- TASK DESCRIPTION
Range to copy from the entries below: the line containing "Thumbnail: 2024 Toyota Camry - 16" through the line containing "Sage Gateshead qui", inclusive. Retype only those lines, exactly, without any images.

- MATERIAL TO PROCESS
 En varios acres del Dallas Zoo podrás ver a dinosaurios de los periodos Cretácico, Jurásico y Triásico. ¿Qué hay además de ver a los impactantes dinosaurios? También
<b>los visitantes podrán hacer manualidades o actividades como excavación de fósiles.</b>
* * *
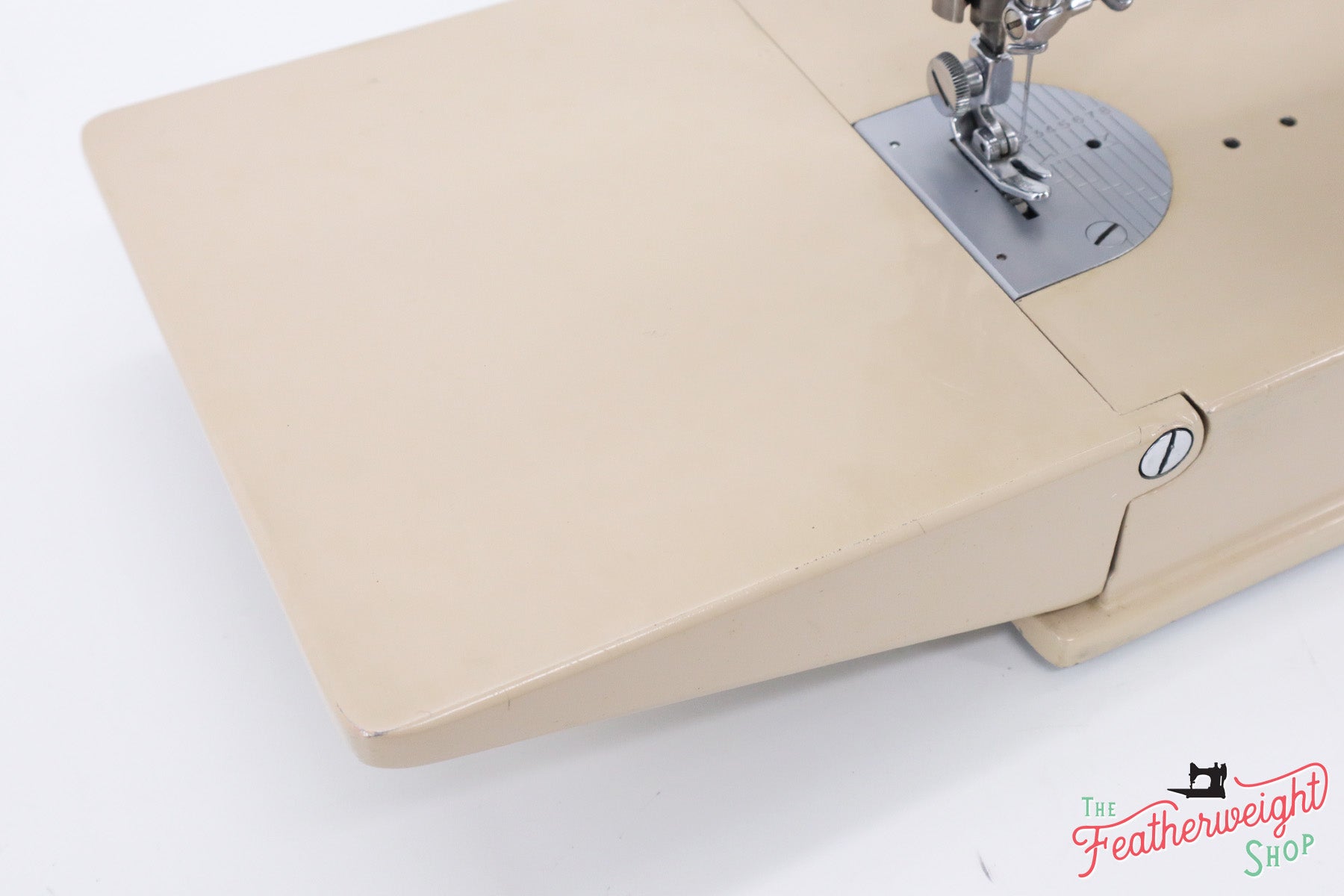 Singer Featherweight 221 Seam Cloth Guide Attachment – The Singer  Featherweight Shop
---
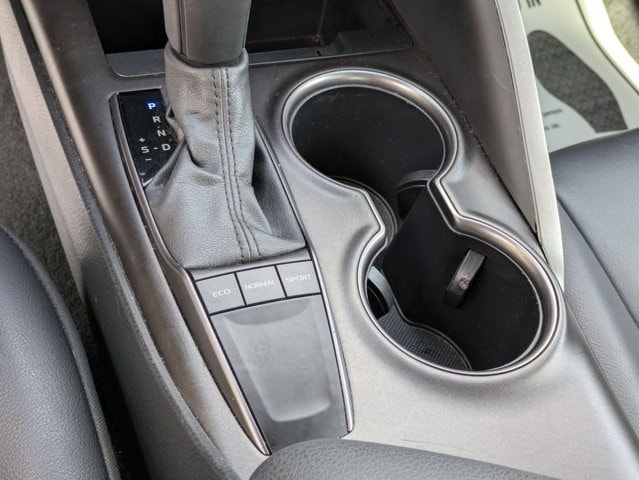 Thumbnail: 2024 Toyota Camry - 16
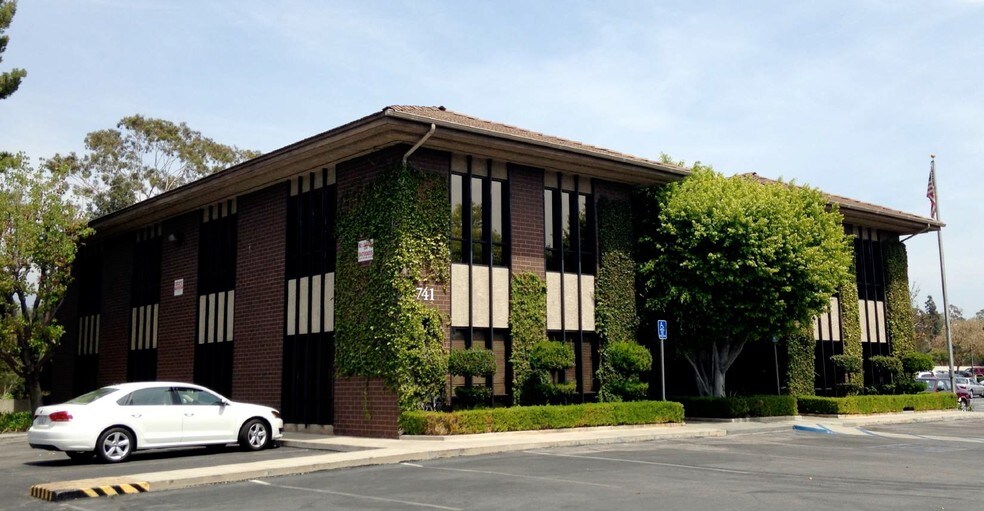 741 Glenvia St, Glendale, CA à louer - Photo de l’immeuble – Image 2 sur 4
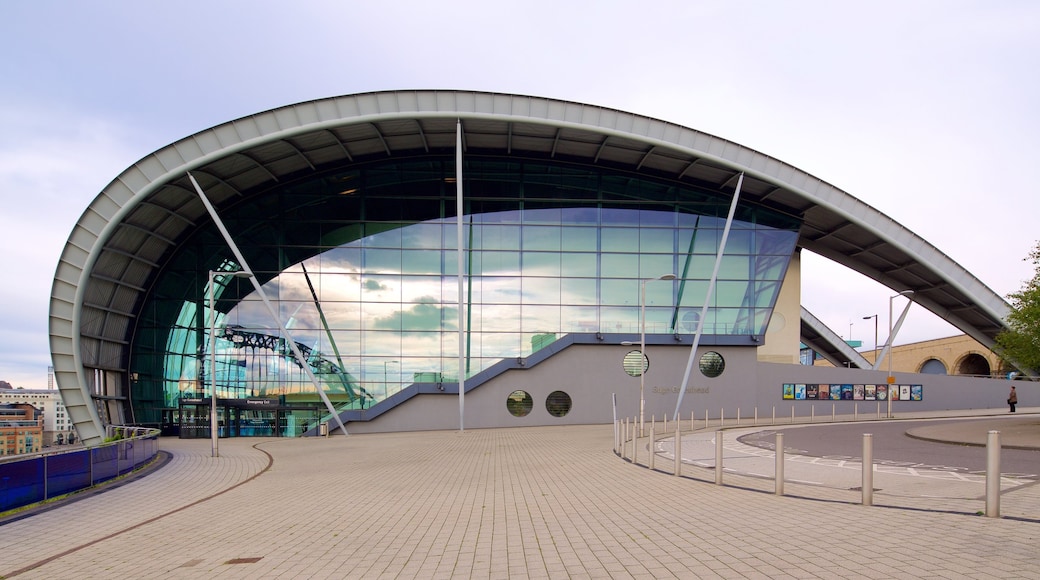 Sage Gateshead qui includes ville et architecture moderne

- ANSWER FOR THIS EXERCISE
 Thumbnail: 2024 Toyota Camry - 16
 741 Glenvia St, Glendale, CA à louer - Photo de l’immeuble – Image 2 sur 4
 Sage Gateshead qui includes ville et architecture moderne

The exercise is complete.